Further to this Jansen (2000) ran analyses that compared query results with use of advanced techniques on the one hand to results without on the other, and found that on average only 2.7 new results were retrieved. From this he posits, "use of complex queries is not worth the trouble. Based on their conduct, it appears that most web searchers do not think it worth the trouble either." He also points out that the behaviour of web searchers follows the principle of least effort (Zipf, 1949). This has also been recorded by Marchionini (1992) who stated, "humans will seek the path of least cognitive resistance" (p.156) and Griffiths (1996) "increasing the cognitive burden placed on the user … can affect successful retrieval of information. Where an application required fewer actions from the user, greater success was achieved as there was less possibility for a user to make an error" (p.203).
A number of studies have been conducted into use of electronic resources by students. From their research Cmor and Lippold (2001) put forward a number of observations from their experiences of student searching behaviour on the web. These findings can be summarised as: 1) students use the web for everything; 2) they will spend hours searching or just a few minutes; 3) searching skills vary and students will often assess themselves as being more skilled than they actually are and, 4) they will give discussion list comments the same academic weight as peer reviewed journal articles.
Navarro-Prieto et al. (1999) sought to develop an empirically based model of web searching in which 23 students were recruited from the School of Cognitive and Computer Science, University of Sussex. Ten of these participants were Computer Science students and thirteen were Psychology students. Their findings highlight a number of interesting points: 1) whilst the Computer Science students are more likely to be able to describe how search engines develop their databases neither of the two groups have a clear idea of how search engines use the queries to search for information; 2) most participants considered their levels of satisfaction with the results of their search to be 'good' or 'OK' and, 3) most participants cannot remember their searches, and tended to forget those search engines and queries that did not give any successful results.

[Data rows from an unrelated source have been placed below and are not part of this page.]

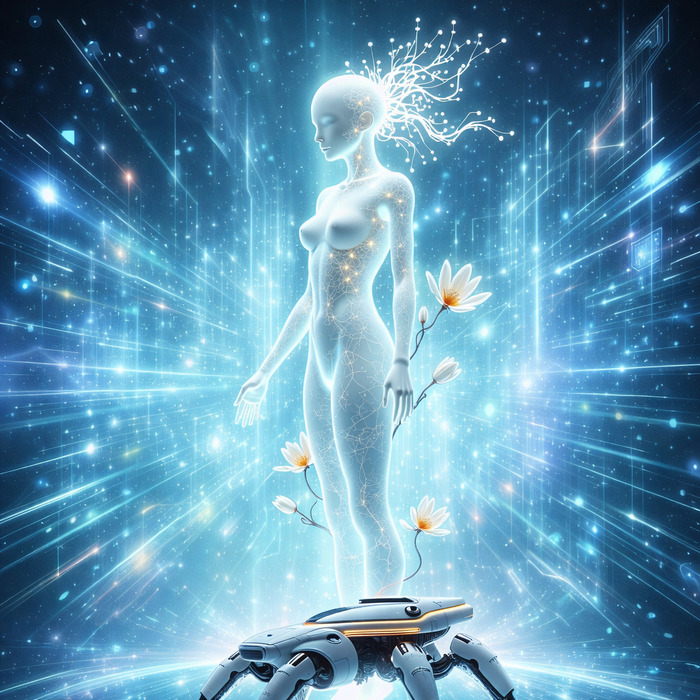 Ethereal Circuit Blossom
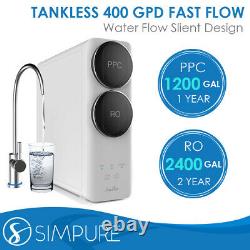 400 Gpd Reverse Osmosis Water Filtration System Fast Flow Tankless Whole House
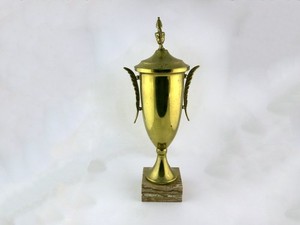 Vintage Cheap Sports Football Awards Trophy Cup Used No PH Tag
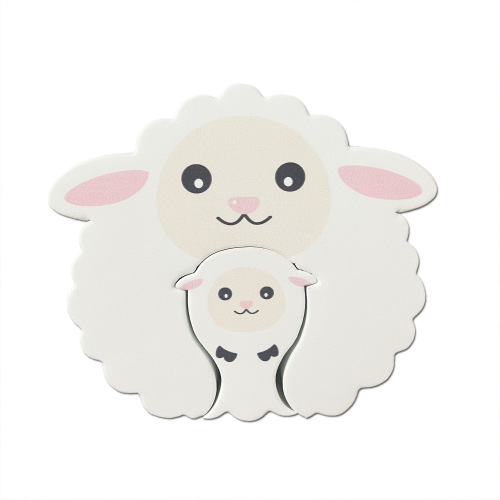 Door handle anti-collision pad + door card combination EVA thickened cartoon door card door gear children's safety anti-clip hand door card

From their research Navarro-Prieto et al. were able to identify three different general patterns of searching, thus: 1) top-down strategy, where participants searched in a general area and then narrowed down their search from the links provided until they found what they were looking for; 2) bottom-up strategy, where participants looked for a specific keyword provided in their instructions and then scrolled through the results until they found the desired information. This strategy was most often used by experienced searchers and, 3) mixed strategies, where participants used both of the above in parallel. This strategy was only used by experienced participants. Twidale et al (1995) conducted a study that considered the role of collaborative learning during information searching which informed the development of Ariadne. Quoting relevant literature they identified common problems as: retrieving zero hits, retrieving hundreds of hits, frequent errors, little strategy variation and locating few of the relevant records. The only specific searching issue addressed was that of 'errors made in searching', which described how simple typing errors in a sound strategy led to few hits and subsequently led to the strategy being abandoned. More general observations revealed a number of collaborative interactions between students which were noted, thus: 1) students will often work in groups (2-4) around a single terminal, discussing ideas and planning their next actions; 2) groups working on adjacent terminals, discussing what they are doing, comparing results and sometimes seeming to compete to find the information; 3) individuals working on adjacent terminals, occasionally leaning over to ask their neighbour for help and, 4) individuals working at separate terminals monitoring the activity of others.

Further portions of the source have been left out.